++++ MATERIAL PROVIDED
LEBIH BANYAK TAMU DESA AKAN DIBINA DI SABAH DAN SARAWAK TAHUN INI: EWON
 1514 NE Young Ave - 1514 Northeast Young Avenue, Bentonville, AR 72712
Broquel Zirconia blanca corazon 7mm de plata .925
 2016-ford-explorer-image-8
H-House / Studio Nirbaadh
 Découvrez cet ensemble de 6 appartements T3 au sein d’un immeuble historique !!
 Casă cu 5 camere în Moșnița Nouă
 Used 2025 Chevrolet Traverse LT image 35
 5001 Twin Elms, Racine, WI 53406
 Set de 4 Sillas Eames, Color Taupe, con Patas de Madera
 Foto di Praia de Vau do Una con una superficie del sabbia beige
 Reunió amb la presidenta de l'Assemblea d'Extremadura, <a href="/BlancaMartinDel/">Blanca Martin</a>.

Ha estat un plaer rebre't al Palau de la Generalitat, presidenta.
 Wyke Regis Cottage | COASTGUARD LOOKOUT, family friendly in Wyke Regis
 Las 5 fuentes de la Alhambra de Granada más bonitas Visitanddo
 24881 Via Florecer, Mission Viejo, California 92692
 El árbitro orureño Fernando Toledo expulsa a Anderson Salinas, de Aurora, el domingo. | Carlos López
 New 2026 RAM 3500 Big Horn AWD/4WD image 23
++++++++
The lines sought are those in the data above that include the string "presidenta"; copy each one.

 Reunió amb la presidenta de l'Assemblea d'Extremadura, <a href="/BlancaMartinDel/">Blanca Martin</a>.
Ha estat un plaer rebre't al Palau de la Generalitat, presidenta.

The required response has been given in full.